• [WHAT IS EXPECTED]: The string "made" appears in some lines of the entries that follow; copy each such line.

● ● ●

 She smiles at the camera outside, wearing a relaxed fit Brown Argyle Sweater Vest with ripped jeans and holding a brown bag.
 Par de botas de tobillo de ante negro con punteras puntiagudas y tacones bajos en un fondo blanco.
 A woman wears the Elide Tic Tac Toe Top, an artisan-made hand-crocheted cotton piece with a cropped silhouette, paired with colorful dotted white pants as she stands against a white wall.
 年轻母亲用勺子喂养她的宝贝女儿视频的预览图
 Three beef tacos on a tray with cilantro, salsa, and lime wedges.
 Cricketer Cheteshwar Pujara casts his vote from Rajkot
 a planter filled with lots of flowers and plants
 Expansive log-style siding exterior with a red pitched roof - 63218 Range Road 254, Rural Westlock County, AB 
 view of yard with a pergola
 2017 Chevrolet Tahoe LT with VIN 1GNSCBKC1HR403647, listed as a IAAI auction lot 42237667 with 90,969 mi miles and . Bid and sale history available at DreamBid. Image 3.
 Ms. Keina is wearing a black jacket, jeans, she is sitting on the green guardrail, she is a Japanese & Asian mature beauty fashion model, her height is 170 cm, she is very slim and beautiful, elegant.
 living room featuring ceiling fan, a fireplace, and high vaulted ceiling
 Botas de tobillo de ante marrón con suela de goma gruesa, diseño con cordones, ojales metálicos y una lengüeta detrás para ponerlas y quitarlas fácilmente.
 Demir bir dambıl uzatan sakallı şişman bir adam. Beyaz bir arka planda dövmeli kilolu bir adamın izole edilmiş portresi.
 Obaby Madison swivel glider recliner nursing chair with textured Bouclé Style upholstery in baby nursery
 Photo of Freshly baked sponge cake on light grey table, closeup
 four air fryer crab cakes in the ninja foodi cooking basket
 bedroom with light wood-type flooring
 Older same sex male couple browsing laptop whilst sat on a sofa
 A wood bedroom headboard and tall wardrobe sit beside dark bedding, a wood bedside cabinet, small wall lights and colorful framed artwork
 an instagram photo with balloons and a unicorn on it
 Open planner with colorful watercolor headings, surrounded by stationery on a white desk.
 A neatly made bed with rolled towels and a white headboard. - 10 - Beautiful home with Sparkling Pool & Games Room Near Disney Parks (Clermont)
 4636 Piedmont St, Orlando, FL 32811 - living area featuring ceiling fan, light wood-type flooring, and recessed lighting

● ● ●

• [WRITTEN REPLY]:
 A woman wears the Elide Tic Tac Toe Top, an artisan-made hand-crocheted cotton piece with a cropped silhouette, paired with colorful dotted white pants as she stands against a white wall.
 A neatly made bed with rolled towels and a white headboard. - 10 - Beautiful home with Sparkling Pool & Games Room Near Disney Parks (Clermont)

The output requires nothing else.